**EXERCISE**
Locate the line containing "by Lands' End" in the material below. Copy that line and all following lines through the end exactly, omitting any pictures.
___ RECORDS SUPPLIED ___
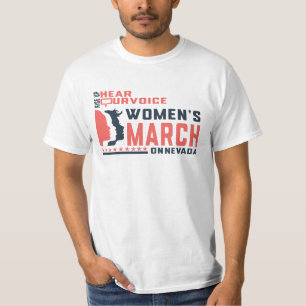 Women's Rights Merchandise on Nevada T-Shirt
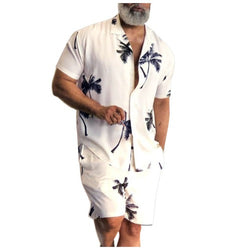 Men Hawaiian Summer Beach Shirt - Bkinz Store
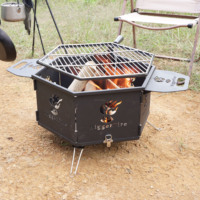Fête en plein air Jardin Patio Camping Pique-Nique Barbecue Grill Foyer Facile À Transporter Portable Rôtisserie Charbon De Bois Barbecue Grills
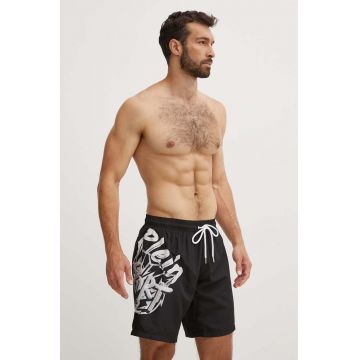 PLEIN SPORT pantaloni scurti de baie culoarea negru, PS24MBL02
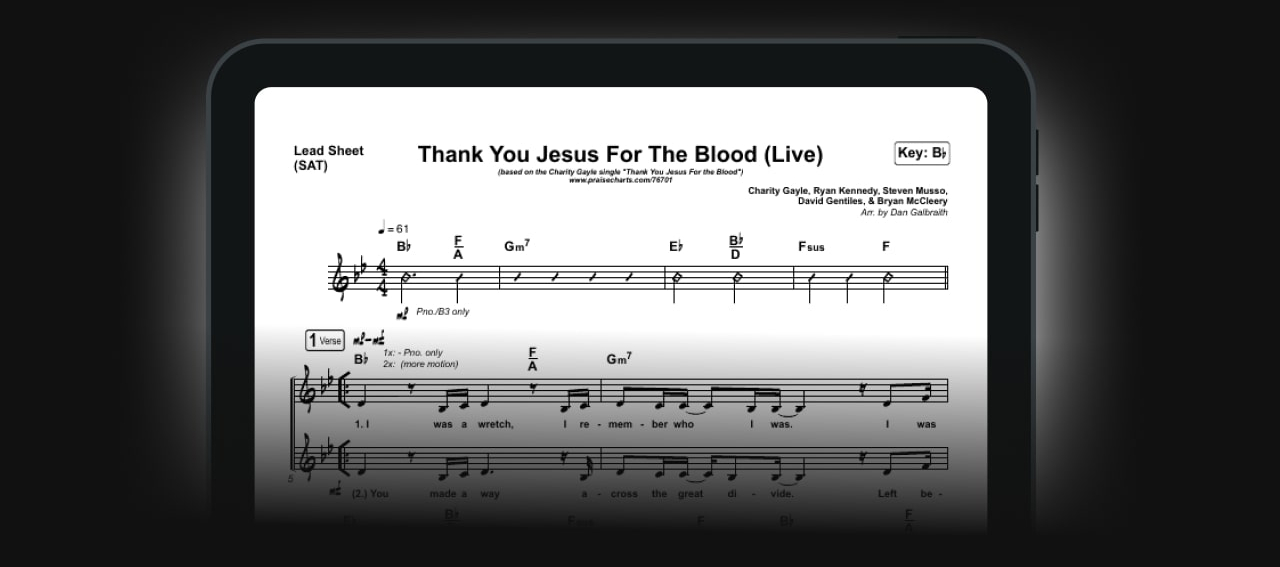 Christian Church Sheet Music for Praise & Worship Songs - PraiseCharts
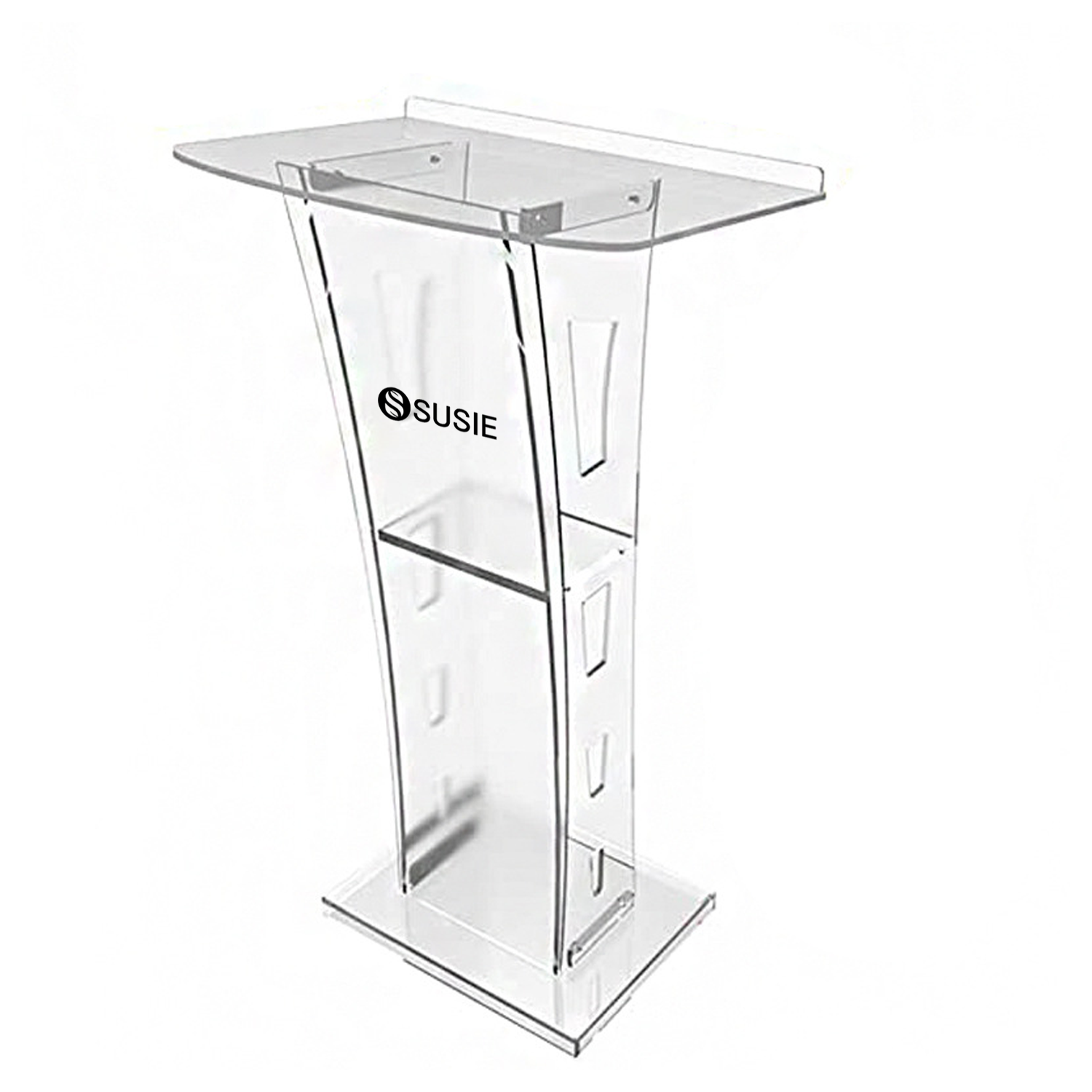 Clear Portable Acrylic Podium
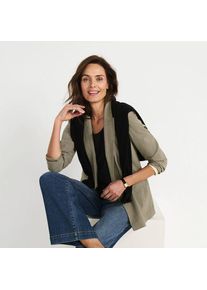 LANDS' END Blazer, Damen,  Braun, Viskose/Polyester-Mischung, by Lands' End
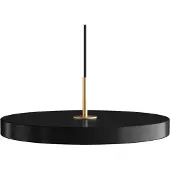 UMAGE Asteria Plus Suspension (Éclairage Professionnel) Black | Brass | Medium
___
**EXPECTED ANSWER**
 LANDS' END Blazer, Damen,  Braun, Viskose/Polyester-Mischung, by Lands' End
 UMAGE Asteria Plus Suspension (Éclairage Professionnel) Black | Brass | Medium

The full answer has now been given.